Maybe she’s not kidding about this being a “Palin/McCain” ticket.
…there’s a steady unnerving undertone to Palin’s utterances, a consistent message of hubristic self-confidence and hyper-ambition. She wants to be president, she thinks she can be president, she thinks she will be president. And perhaps soon. She often sounds like someone who sees herself as half-a-heartbeat away from the presidency. Or who is seen that way by her own camp, the hard-right G.O.P. base that never liked McCain anyway and views him as, at best, a White House place holder.
This was first apparent when Palin extolled a “small town” vice president as a hero in her convention speech — and cited not one of the many Republican vice presidents who fit that bill but, bizarrely, Harry Truman, a Democrat who succeeded a president who died in office. A few weeks later came Charlie Gibson’s question about whether she thought she was “experienced enough” and “ready” when McCain invited her to join his ticket. Palin replied that she didn’t “hesitate” and didn’t “even blink” — a response that seemed jarring for its lack of any human modesty, even false modesty.
In the last of her Couric interview installments on Thursday, Palin was asked which vice president had most impressed her, and after paying tribute to Geraldine Ferraro, she chose “George Bush Sr.” Her criterion: she most admires vice presidents “who have gone on to the presidency.” Hours later, at the debate, she offered a discordant contrast to Biden when asked by Gwen Ifill how they would each govern “if the worst happened” and the president died in office. After Biden spoke of somber continuity, Palin was weirdly flip and chipper, eager to say that as a “maverick” she’d go her own way.
http://www.nytimes.com/2008/10/05/opinion/05rich.html?hp
Maybe I’ve had Palin pegged all wrong. Not about her lack of intellectual ability and unfitness for the vice presidency. That still holds true.
What I “misunderstimated” about her as liberals did about George Bush Jr. is how much she really wants to be president. For her to suggest she is “ready” for a position Republican women like Senators Kay Bailey Hutchinson, Elizabeth Dole and Olympia Snowe or former Governor Christine Todd Whitman were clearly readier than her is a ludicrous delusion.

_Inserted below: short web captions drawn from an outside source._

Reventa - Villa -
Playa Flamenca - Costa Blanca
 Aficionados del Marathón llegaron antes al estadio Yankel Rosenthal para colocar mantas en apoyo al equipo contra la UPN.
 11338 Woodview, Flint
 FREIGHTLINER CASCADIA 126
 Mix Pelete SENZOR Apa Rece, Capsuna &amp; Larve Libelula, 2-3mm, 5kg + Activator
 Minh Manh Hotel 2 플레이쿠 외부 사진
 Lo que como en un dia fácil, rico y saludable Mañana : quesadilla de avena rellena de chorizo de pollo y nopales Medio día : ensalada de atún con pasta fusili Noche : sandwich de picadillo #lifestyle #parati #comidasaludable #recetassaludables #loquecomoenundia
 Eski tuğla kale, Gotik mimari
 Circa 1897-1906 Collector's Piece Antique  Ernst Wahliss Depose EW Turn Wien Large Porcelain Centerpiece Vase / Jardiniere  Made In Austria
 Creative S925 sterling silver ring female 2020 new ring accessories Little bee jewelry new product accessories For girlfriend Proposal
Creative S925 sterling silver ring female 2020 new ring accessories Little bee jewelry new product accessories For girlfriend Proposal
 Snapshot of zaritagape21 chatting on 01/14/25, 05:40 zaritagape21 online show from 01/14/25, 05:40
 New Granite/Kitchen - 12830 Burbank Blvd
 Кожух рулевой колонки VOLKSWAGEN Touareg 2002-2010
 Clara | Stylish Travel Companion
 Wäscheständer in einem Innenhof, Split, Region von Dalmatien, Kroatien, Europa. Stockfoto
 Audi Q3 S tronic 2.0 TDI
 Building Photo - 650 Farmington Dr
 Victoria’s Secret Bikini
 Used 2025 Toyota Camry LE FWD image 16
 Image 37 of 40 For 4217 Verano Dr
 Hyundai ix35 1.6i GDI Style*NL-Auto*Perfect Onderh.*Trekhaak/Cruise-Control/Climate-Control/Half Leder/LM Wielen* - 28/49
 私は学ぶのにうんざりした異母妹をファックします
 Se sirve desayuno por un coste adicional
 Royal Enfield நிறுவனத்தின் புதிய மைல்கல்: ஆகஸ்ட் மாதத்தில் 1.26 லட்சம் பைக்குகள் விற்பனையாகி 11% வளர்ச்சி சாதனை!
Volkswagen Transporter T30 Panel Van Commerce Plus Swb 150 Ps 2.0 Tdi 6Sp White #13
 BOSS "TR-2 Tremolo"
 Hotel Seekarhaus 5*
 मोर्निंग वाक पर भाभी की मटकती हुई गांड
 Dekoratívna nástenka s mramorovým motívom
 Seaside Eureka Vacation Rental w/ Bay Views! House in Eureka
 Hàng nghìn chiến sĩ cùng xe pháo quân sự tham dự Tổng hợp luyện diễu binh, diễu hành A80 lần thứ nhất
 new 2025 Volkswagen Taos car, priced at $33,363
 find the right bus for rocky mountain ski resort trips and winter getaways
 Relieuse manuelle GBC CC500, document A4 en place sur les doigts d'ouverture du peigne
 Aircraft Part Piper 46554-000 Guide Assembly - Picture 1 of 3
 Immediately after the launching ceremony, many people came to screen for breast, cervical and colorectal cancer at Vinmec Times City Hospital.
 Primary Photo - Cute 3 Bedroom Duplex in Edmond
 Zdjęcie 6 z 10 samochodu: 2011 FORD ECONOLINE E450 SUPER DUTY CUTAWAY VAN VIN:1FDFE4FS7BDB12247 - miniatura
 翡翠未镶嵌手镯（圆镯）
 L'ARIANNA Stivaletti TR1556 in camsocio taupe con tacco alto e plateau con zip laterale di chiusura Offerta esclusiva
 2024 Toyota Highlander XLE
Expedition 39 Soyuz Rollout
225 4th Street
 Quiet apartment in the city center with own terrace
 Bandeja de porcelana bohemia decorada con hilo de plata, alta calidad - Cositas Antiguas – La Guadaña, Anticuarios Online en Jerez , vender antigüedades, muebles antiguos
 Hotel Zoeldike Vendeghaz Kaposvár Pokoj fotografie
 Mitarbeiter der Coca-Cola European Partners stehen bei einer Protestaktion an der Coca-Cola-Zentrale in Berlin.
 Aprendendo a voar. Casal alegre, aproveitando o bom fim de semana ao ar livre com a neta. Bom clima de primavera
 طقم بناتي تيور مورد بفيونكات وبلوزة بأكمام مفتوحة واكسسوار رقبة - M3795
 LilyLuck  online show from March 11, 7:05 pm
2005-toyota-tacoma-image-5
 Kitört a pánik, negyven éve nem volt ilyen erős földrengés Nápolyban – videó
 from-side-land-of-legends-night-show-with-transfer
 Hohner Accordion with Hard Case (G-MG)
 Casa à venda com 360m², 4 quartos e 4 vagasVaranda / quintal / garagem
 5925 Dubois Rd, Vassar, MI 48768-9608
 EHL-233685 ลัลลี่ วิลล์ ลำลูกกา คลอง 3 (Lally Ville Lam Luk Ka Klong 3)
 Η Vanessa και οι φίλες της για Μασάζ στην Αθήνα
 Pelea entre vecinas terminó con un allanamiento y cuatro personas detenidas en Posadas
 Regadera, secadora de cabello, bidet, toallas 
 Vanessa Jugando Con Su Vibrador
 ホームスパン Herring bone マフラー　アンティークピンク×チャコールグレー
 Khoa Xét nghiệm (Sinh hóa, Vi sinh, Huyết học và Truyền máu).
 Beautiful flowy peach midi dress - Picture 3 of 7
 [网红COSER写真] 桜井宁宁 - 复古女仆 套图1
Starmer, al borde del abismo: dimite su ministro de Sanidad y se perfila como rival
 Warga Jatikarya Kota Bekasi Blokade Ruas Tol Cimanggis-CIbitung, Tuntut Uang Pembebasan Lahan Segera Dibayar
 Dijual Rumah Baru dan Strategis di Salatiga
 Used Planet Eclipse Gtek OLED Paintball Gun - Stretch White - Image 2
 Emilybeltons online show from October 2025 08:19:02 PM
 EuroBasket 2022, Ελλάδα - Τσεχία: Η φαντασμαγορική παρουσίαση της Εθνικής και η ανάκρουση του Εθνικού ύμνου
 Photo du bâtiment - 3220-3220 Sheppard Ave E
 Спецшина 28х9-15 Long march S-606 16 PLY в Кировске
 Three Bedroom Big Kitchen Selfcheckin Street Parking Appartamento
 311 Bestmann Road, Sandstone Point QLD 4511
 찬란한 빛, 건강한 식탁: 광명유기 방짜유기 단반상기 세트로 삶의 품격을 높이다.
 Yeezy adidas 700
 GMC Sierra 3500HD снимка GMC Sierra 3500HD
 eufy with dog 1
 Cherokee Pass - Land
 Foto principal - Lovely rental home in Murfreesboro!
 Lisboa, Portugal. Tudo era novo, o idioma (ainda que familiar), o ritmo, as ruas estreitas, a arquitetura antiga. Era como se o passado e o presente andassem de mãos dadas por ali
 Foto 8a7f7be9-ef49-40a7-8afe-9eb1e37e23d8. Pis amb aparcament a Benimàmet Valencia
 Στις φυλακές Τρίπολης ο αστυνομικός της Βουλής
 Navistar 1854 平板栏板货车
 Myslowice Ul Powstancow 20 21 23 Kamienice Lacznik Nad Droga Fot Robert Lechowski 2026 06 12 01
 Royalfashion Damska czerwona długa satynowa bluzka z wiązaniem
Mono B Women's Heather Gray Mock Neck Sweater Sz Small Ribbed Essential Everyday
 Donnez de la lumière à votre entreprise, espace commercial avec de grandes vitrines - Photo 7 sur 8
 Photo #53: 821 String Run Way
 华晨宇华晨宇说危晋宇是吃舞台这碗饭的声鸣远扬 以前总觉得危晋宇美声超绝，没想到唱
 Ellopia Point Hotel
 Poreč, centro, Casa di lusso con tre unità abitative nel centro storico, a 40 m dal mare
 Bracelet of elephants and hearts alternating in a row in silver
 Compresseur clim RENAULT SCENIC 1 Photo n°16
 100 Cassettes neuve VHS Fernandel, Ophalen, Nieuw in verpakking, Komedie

Palin would have made a dandy Secretary of the Interior in a McCain Administration. But his weakness with the GOP right-wing and fondness for beauty contestant bimbos led him to pluck a deservedly obscure 22- month governor from one of the nation’s least populous states and put her on the fast track to the White House.
The people in the world who scare the hell out of me are the one who have no doubts. About anything. That’s Sarah Palin. She doesn’t think very deeply, but she believes passionately and she really believes she’d make an heckuva swell vice-president.
Or president, should the opportunity present itself.
Within a month we will learn if it was the catalyst that put McCain in the White House or the determining factor in his greatest defeat.
And Sarah Palin will be standing faithfully by John McCain’s side praying for his continued good health. How hard she’s praying is debatable.
There’s a lot of horny bastards trolling the web in search of a nude pic of Palin according to compilers of web search engines.
They can stop looking. Palin’s naked ambition is on exhibit for all the world to see and it isn’t the least bit sexy.